In 2011, KTJ tried to approach the complainant again about the subject. The complainant did not say anything more, other than the same thing. KTJ revisited the subject again in 2012, when the complainant stayed with her. The complainant never really opened up. KTJ did not think the complainant thought she could trust her. KTJ did not have any other conversation with the complainant about those allegations.
In cross-examination, KTJ accepted she had said, in her police statement in June 2014, the complainant “would put up a big stink about her not being allowed to go back over to CPD and FAR’s house”. Her mother would not give the complainant permission to go over to her mother’s house. The appellant’s daughter always got priority over the complainant, so the complainant always missed out. It was because that child was in the house that the complainant was not permitted to go to that house. KTJ also recalled that the complainant had mentioned she had been told she would receive some form of compensation. The complainant did not think she was going to get any money out of it. The complainant had mentioned an amount of $80,000 once.
ELY, another of the complainant’s sisters, was aware of the complainant’s allegations against the appellant. When her parents separated in 2009, she remained living with her mother whilst complainant moved in with her father. The complainant would visit the mother’s house from time to time. More often than not, she would come over for the weekend each fortnight. Sometimes ELY would spend the weekend with her father. It was only a couple of times that she stayed at his residence.

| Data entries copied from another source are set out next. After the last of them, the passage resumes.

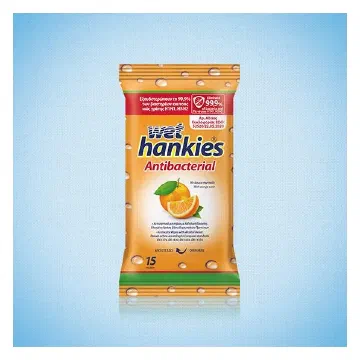 Wet Hankies Antibacterial Orange антибактериални мокри кърпи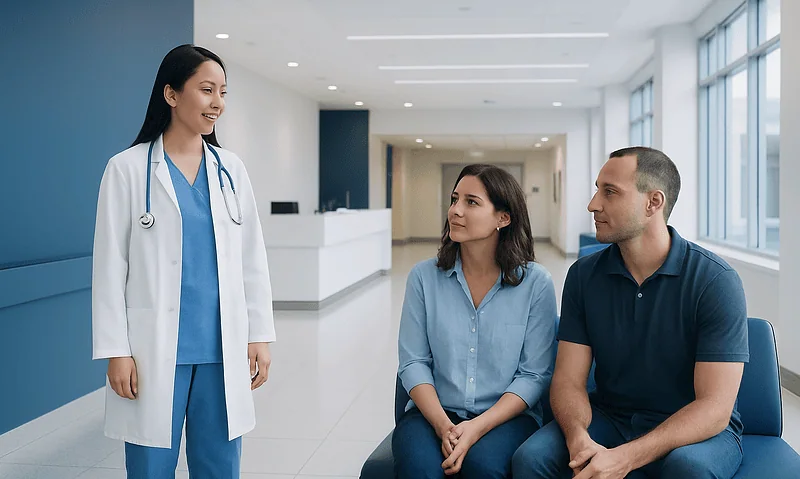 Doctor talking to patients in hospital corridor at Acibadem Hospitals Group.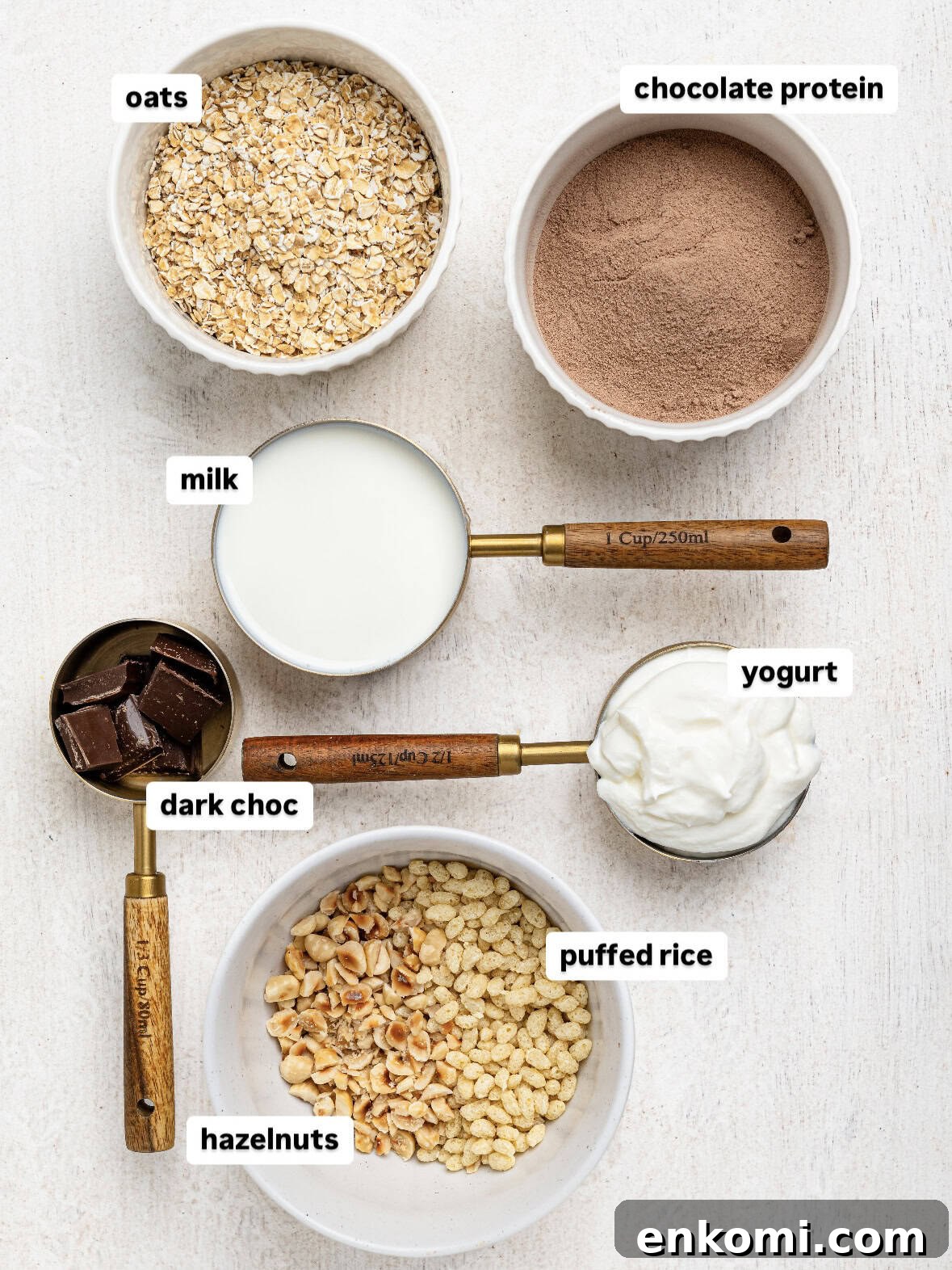 Ferrero Rocher Protein Overnight Oats Ingredients.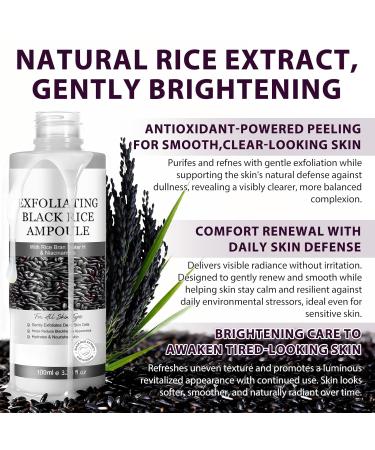 Black Rice Exfoliant and White Rice Peeling Glow Ampoule 100ml 2 PCS White & Black Rice Facial Serum Soft Exfoliating Face and Body Dead Skin Cells for All Skin Types - Buy Online on GoSupps.com
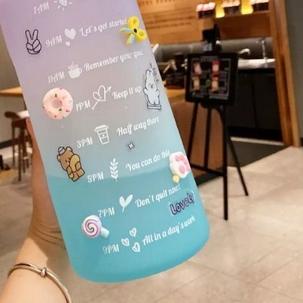 ❄ NG Botol Minum 2 Liter Botol Minum Viral Botol 2000ml 2L Pelangi Botol Minum Motivasi FREE 2D&3D S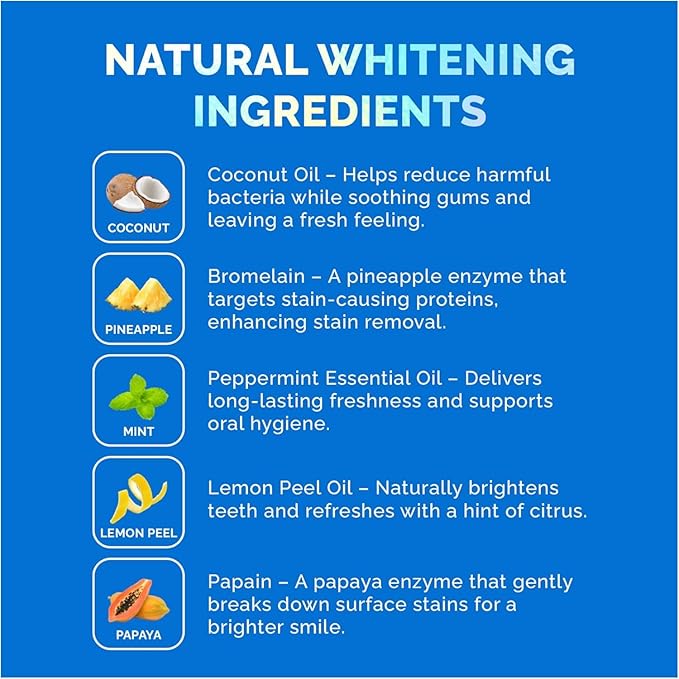 Whitening Strips for Sensitive Teeth – Enamel Safe, Peroxide-Free Coconut Teeth Whitening Strips with Natural Enzymes – Gentle White Stips for Sensitive Gums (14 Count, Mint)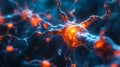Sparkle golden light shining in Neuron cells neural network under microscope. Nerve cells nervous system in neurology science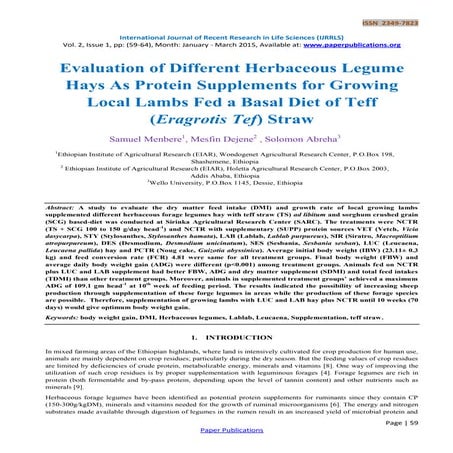 Evaluation of Different Herbaceous Legume Hays As Protein Supplements for Gro...
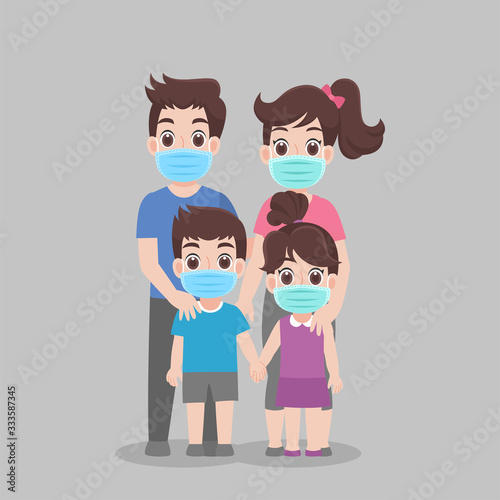 Family wearing protective Medical mask for prevent virus Wuhan Covid-19.Corona virus, People wearing a surgical mask. Health care concept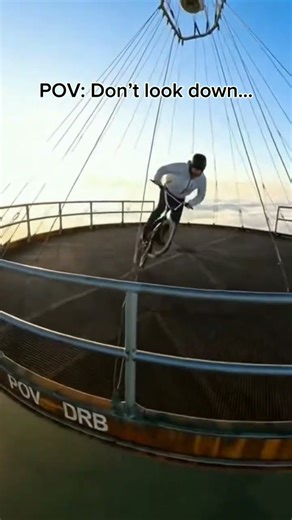 Don’t Look Down 😨 Flying Bicycle POV at Extreme Height#viral#stunt #Shorts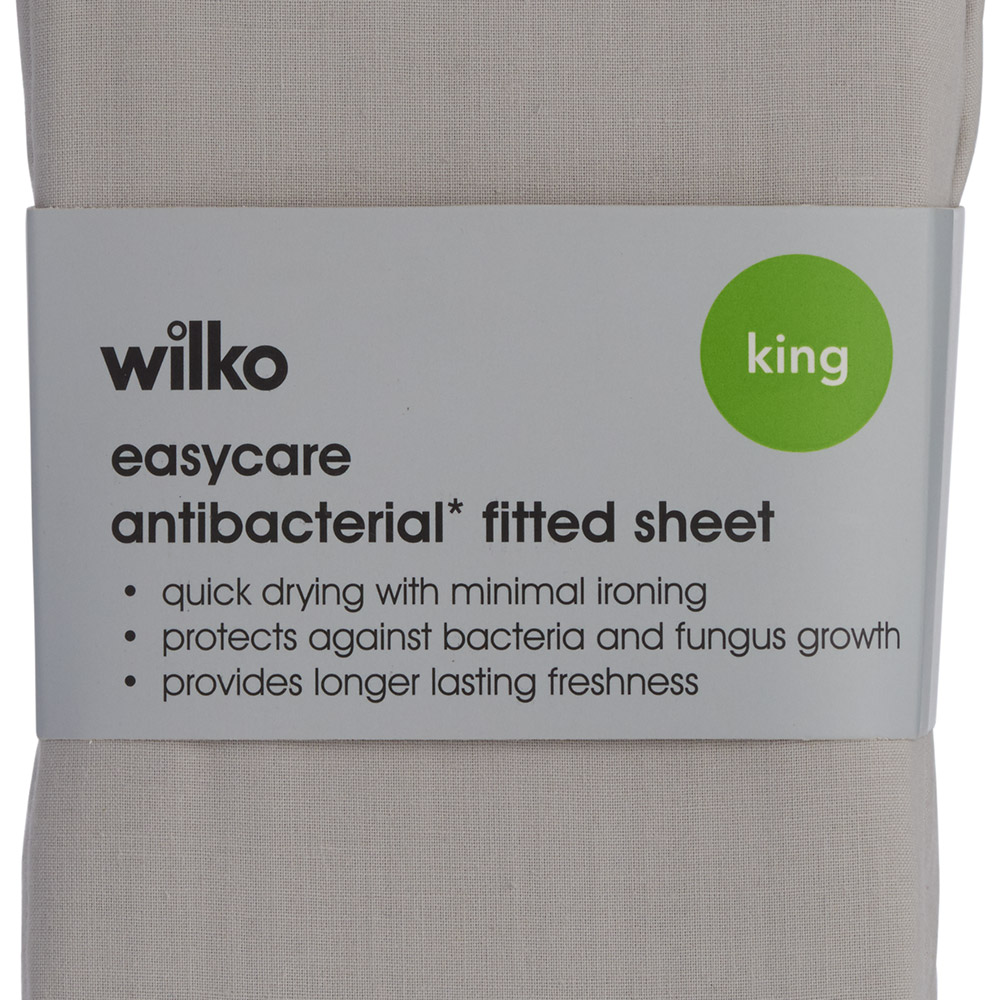 Wilko King Silver Anti-bacterial Fitted Bed Sheet Image 5
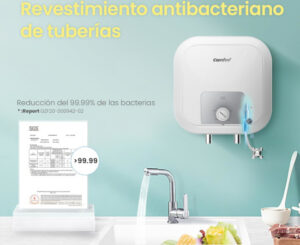 Mini calentador de agua 10L Comfee VG1: compacto, resistente a la corrosión y con protección antibacteriana.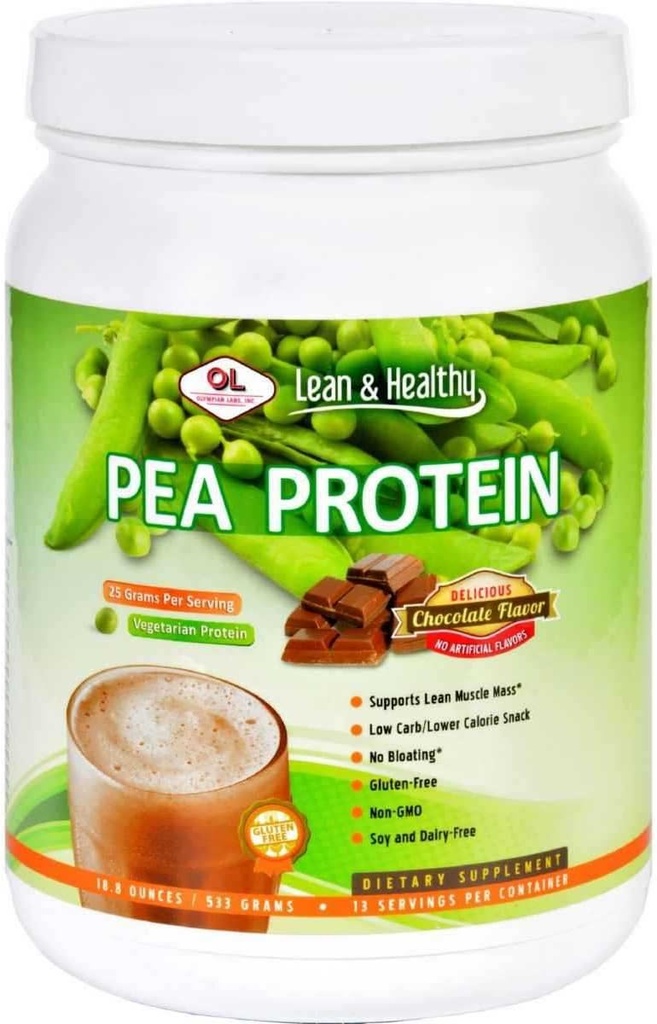 Olympian Labs Pea Protein Shake, sjokolade, liten, 18.8 Ounce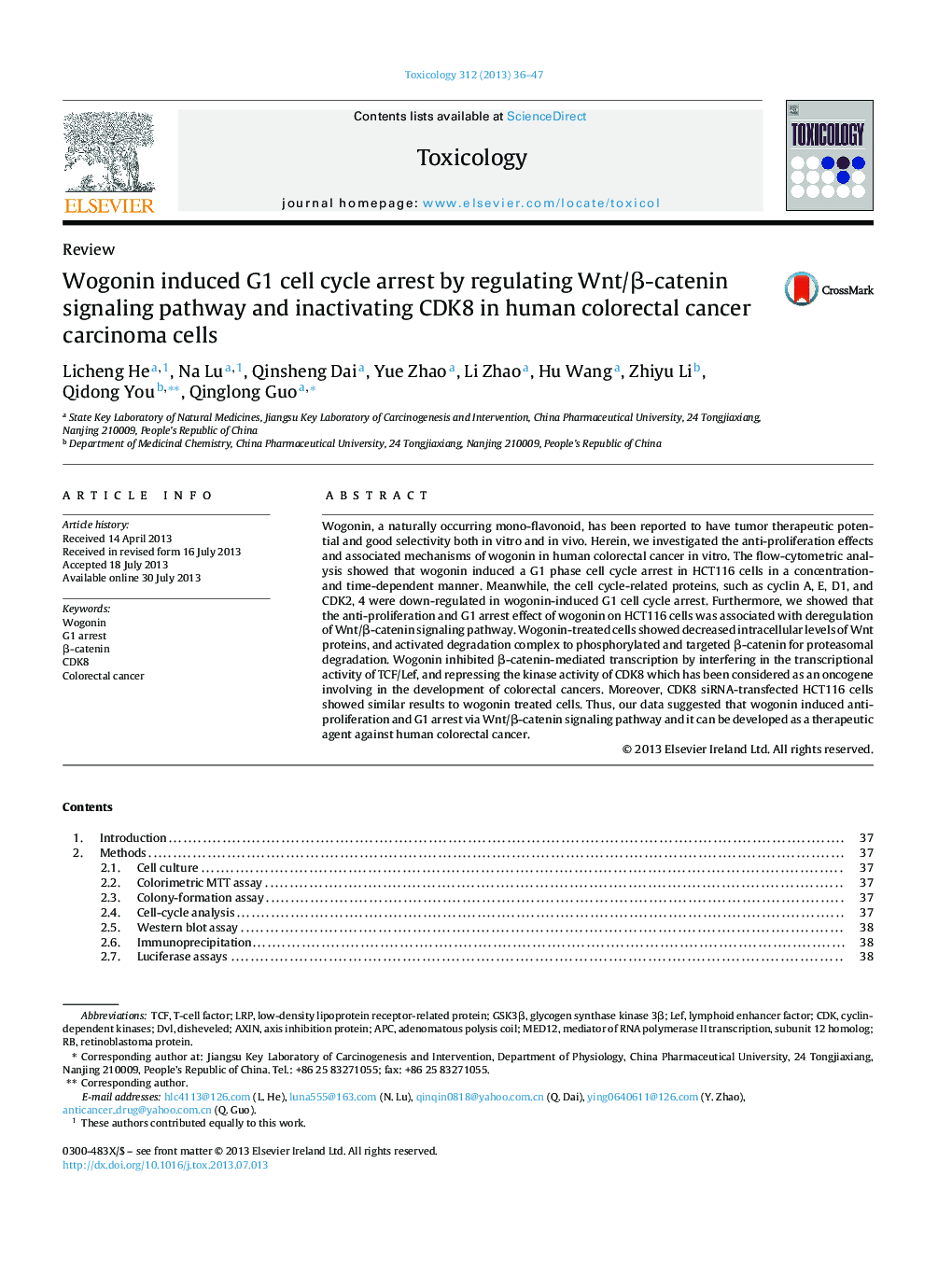 Wogonin induced G1 cell cycle arrest by regulating Wnt/β-catenin signaling pathway and inactivating CDK8 in human colorectal cancer carcinoma cells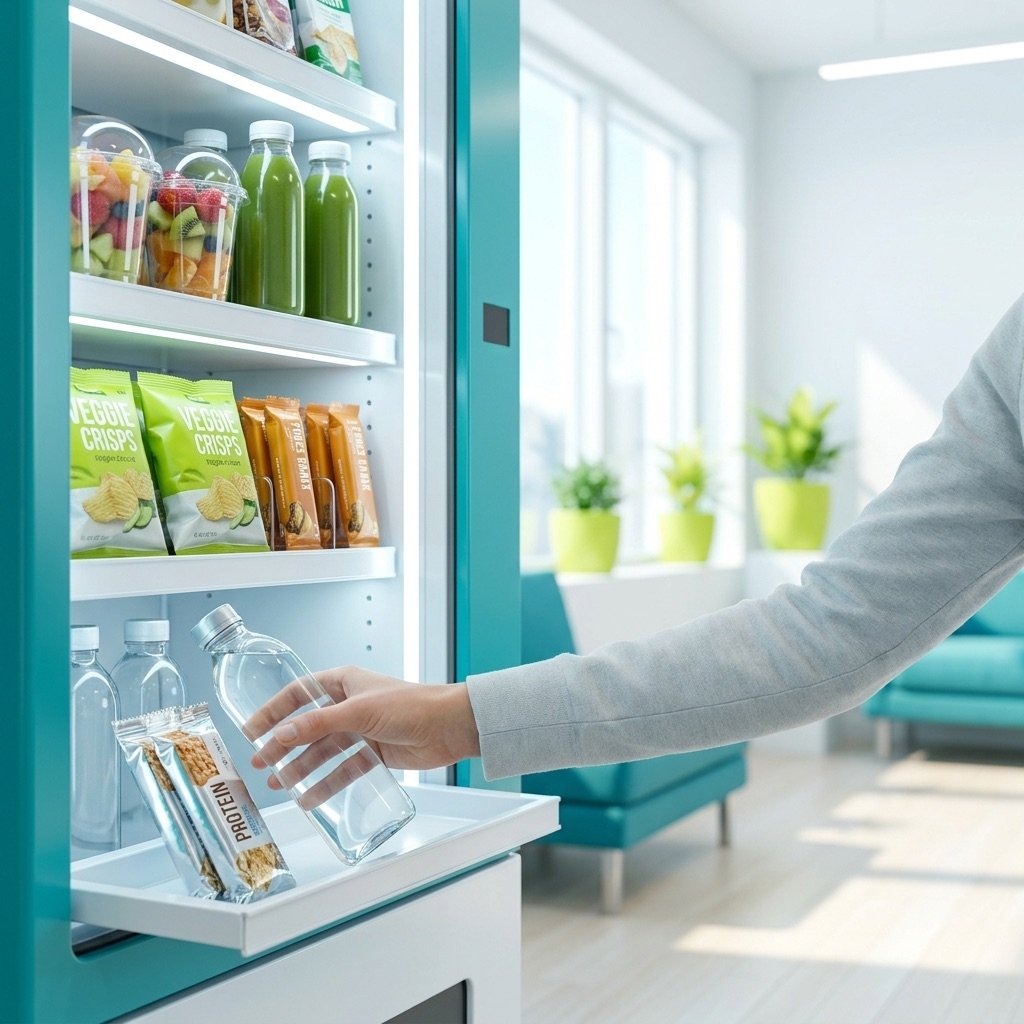 A hand selecting healthy options — water, juice, and a protein bar — from a vending machine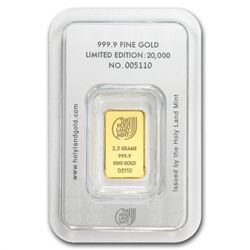 2.5 gram Holy Land Mint Dove of Peace Gold Bar(In Assay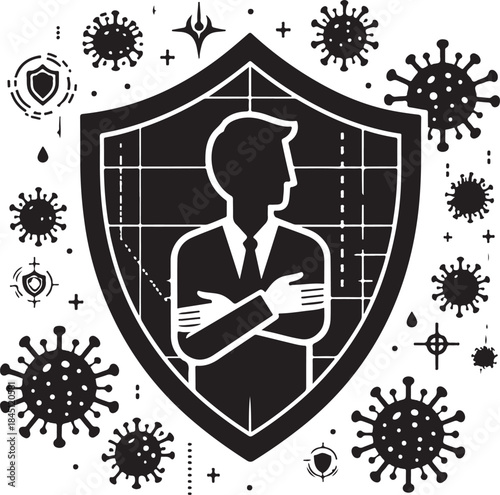 Man wearing mask washing hands under faucet with coronavirus particles in air Silhouette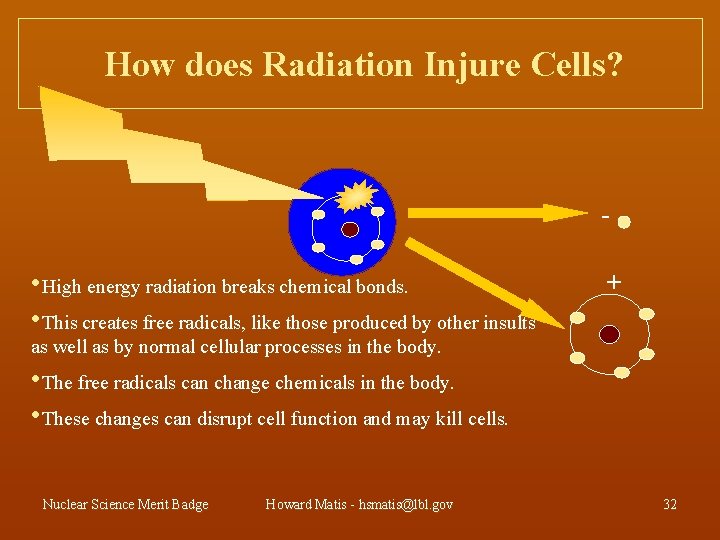 How does Radiation Injure Cells? - • High energy radiation breaks chemical bonds. •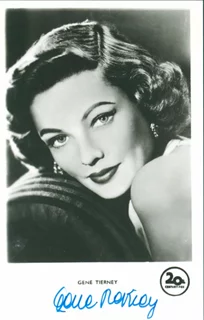 Gene Tierney autograph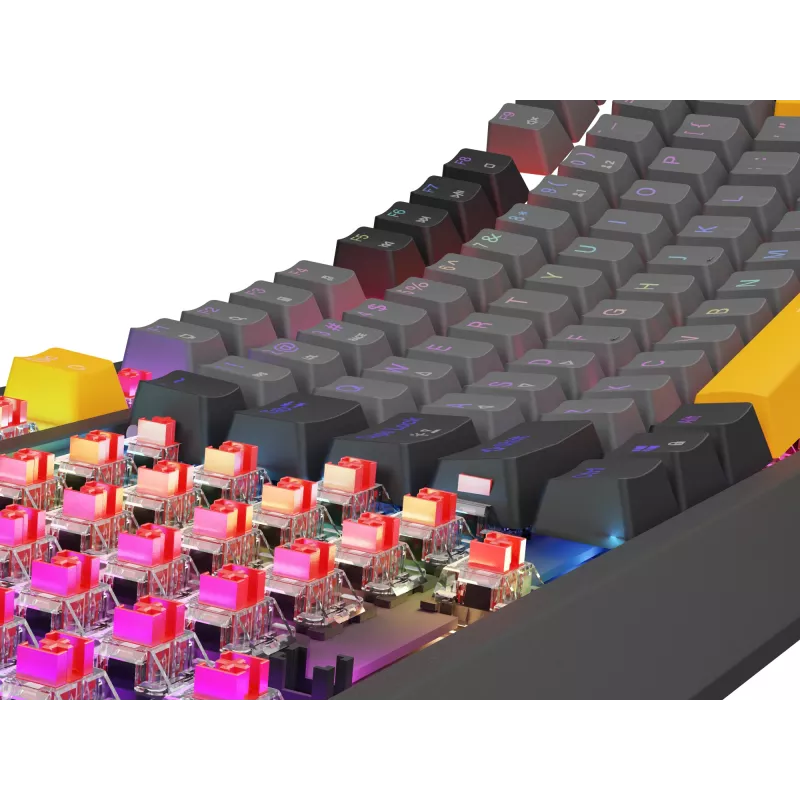 GENESIS Thor 230 TKL tastatūra Gaming USB + RF Wireless + Bluetooth QWERTY Melna, Pelēka, Oranža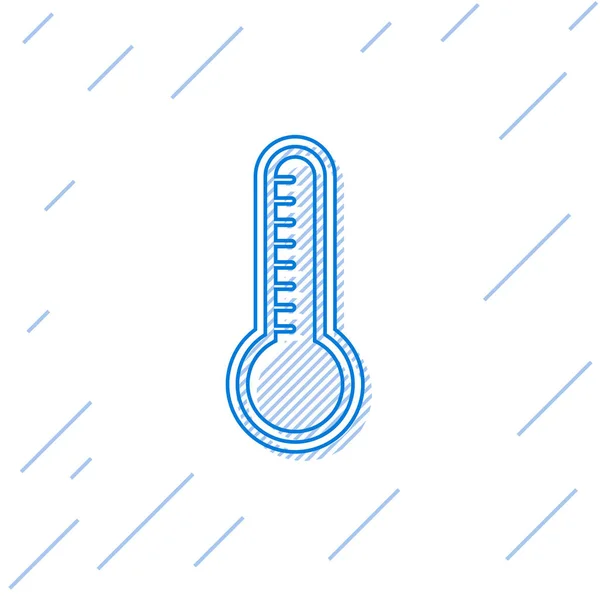 Línea azul Termómetro de meteorología que mide el calor y el frío icono aislado sobre fondo blanco. Equipo de termómetro que muestra clima caliente o frío. Ilustración vectorial — Archivo Imágenes Vectoriales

Before the complainant went to police with her allegations against the appellant, the complainant told ELY she had told HGC’s wife the appellant had done something to her. ELY was working at ZND when she received a telephone call from the complainant, saying she had done something stupid. She asked her to come to the shop. When the complainant arrived at the shop, the complainant started crying. The complainant told ELY she had been talking to HGC’s wife, who said she had been touched by her uncle, or someone in her family. To comfort her and make her feel not so alone, the complainant said the appellant “done it to me”. ELY asked the complainant why she did that. The complainant said she did not know. ELY asked if it was true. The complainant said “no, it’s definitely not.”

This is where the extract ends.